(Pictures with short captions)

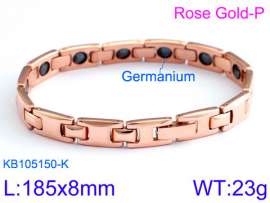 Stainless Steel Rose Gold-plating Bracelet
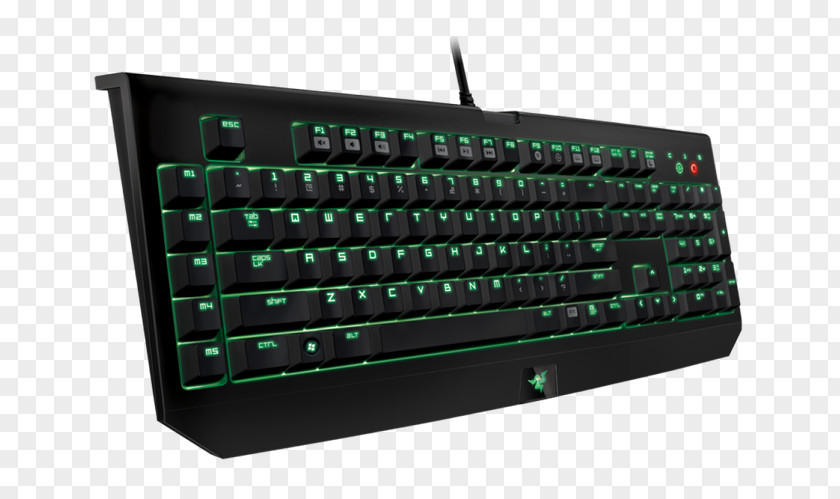 Gaming Keypad Computer Keyboard Razer BlackWidow Ultimate (2014) Tournament Edition Stealth Inc. Chroma PNG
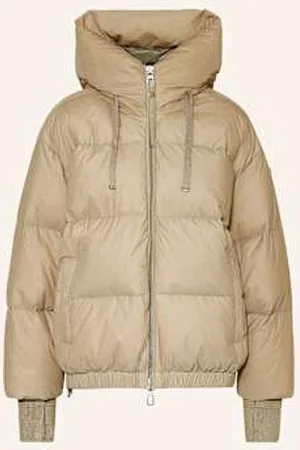 Duno Kurtka Puchowa Heka beige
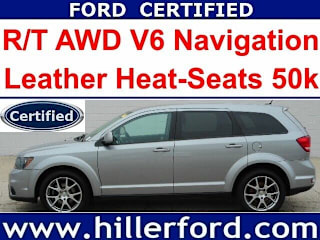 2016 Dodge Journey R/T 3C4PDDEG9GT106542 2016 Dodge Journey R/T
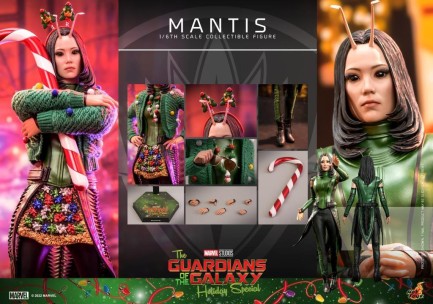 Hot Toys Mantis Sixth Scale Figure 904933 TMS094 Marvel Comics / GOTG Guardians Of The Galaxy Holiday Special - Thumbnail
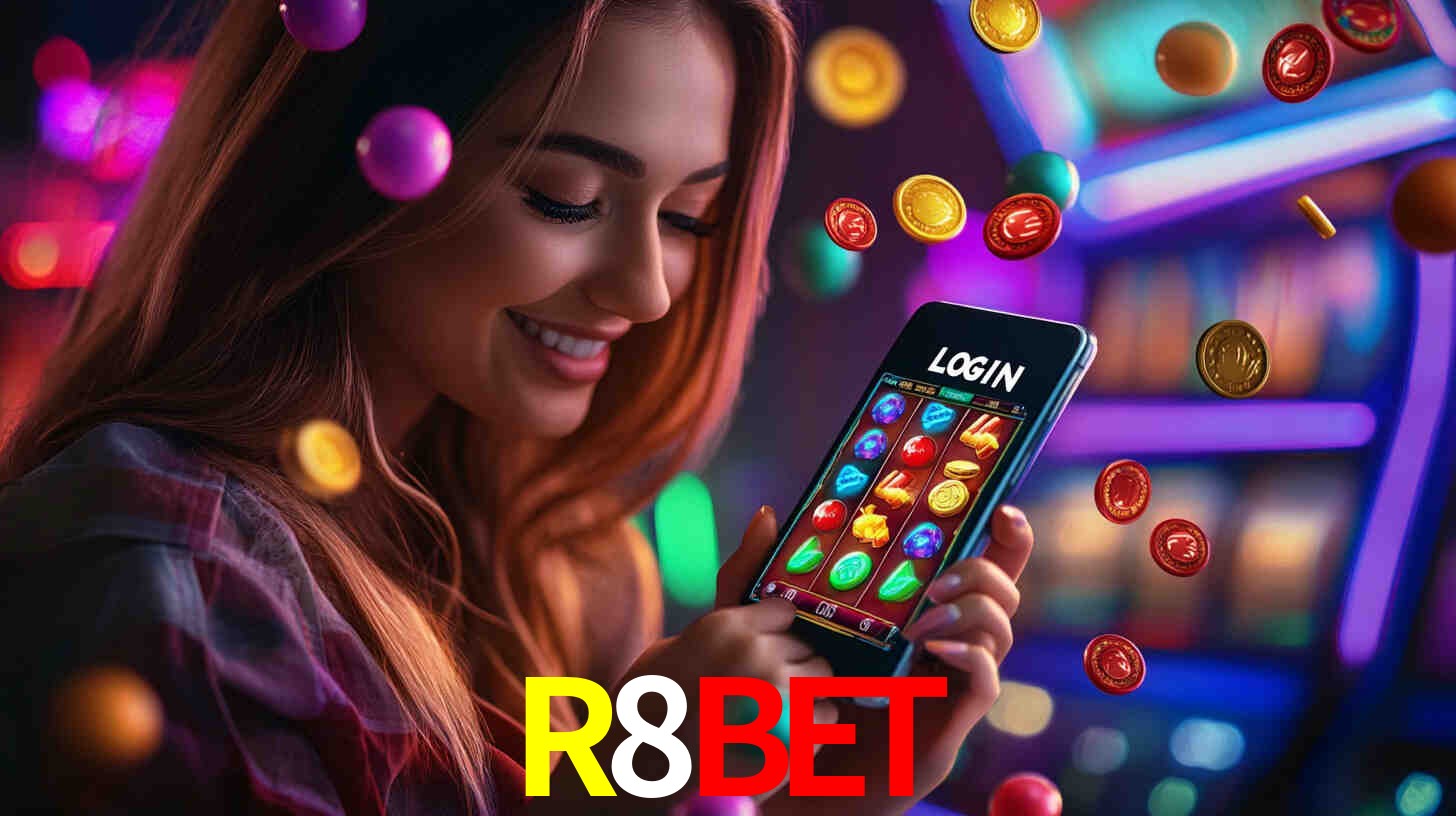 Experimente o Login Seguro Premium no R8BET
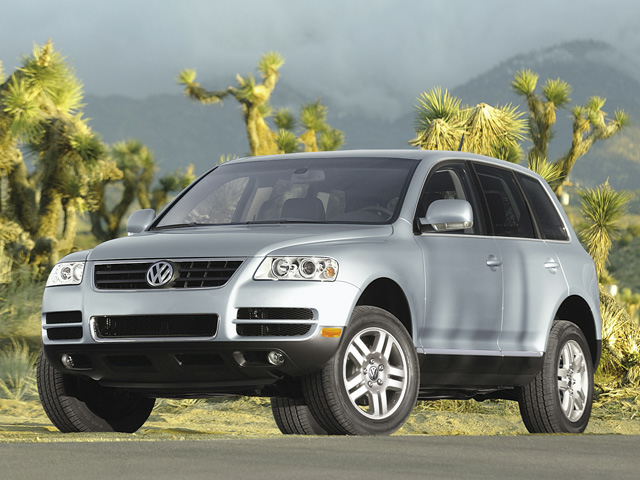 2006 Volkswagen Touareg 3.2L V6
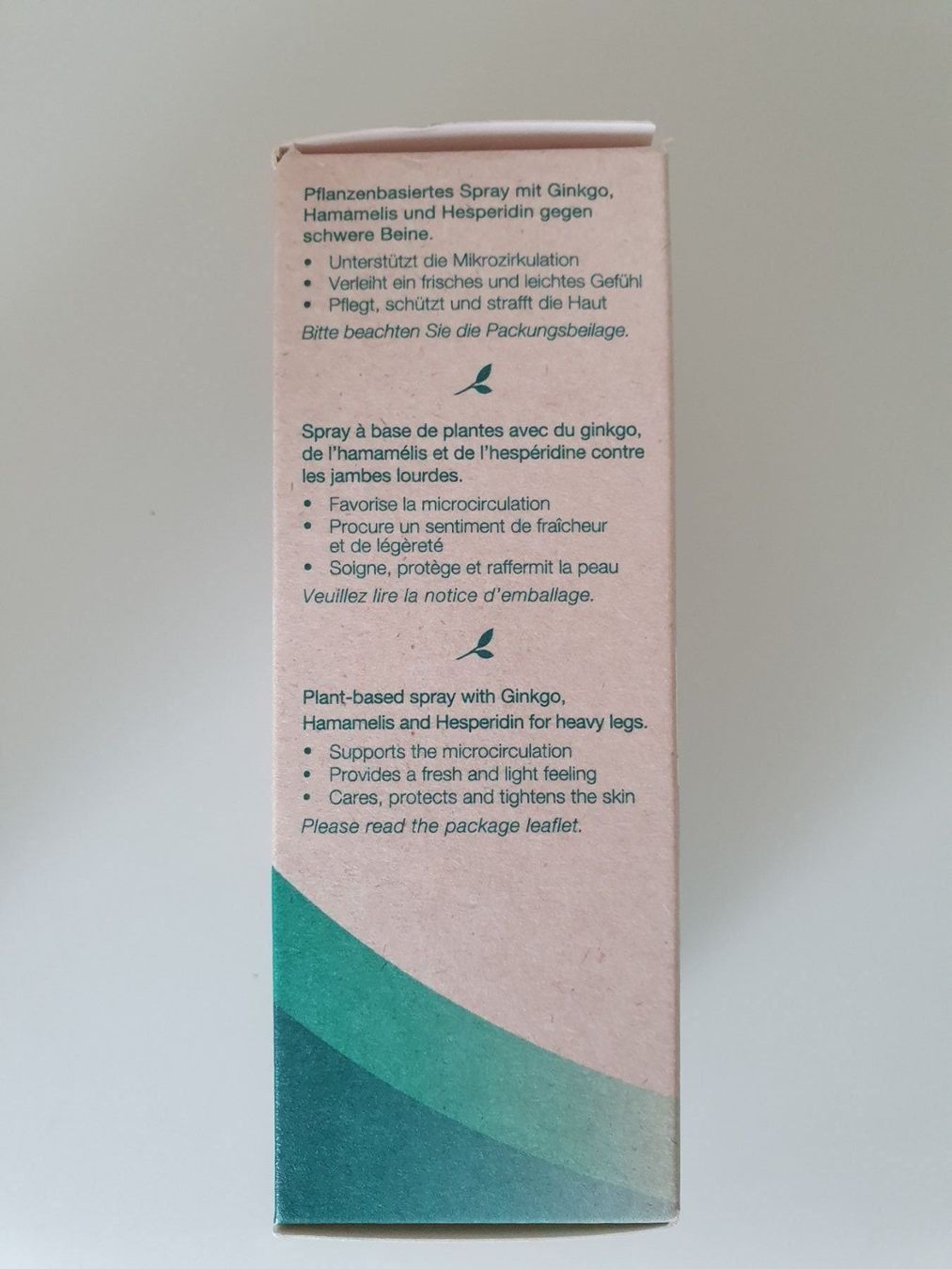 Prodotti di pulizia: Hirudoid natural spray – Nuovo e nell'imballaggio originale da Moosseedorf venduto da Sonnenschein.. 1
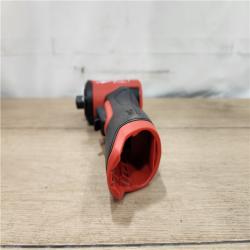 AS-IS- Milwaukee  FUEL 12V Lithium-Ion Brushless Cordless 1/4 in. Right Angle Die Grinder (Tool-Only)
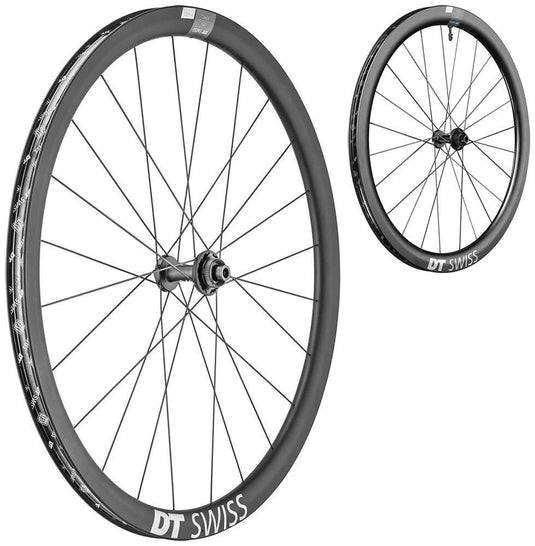 Dt swiss erc 1400 dicut® db carbon front wheel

#### [YOUR INSTRUCTIONS]
Would you reproduce the records exactly as they stand, but without the pictures?

#### [COMPLETED EXERCISE]
 Stainless Steel Rose Gold-plating Bracelet
 Gaming Keypad Computer Keyboard Razer BlackWidow Ultimate (2014) Tournament Edition Stealth Inc. Chroma PNG
 Duno Kurtka Puchowa Heka beige
 2016 Dodge Journey R/T 3C4PDDEG9GT106542 2016 Dodge Journey R/T
 Hot Toys Mantis Sixth Scale Figure 904933 TMS094 Marvel Comics / GOTG Guardians Of The Galaxy Holiday Special - Thumbnail
 Experimente o Login Seguro Premium no R8BET
 2006 Volkswagen Touareg 3.2L V6
 Prodotti di pulizia: Hirudoid natural spray – Nuovo e nell'imballaggio originale da Moosseedorf venduto da Sonnenschein.. 1
 AS-IS- Milwaukee  FUEL 12V Lithium-Ion Brushless Cordless 1/4 in. Right Angle Die Grinder (Tool-Only)
 Dt swiss erc 1400 dicut® db carbon front wheel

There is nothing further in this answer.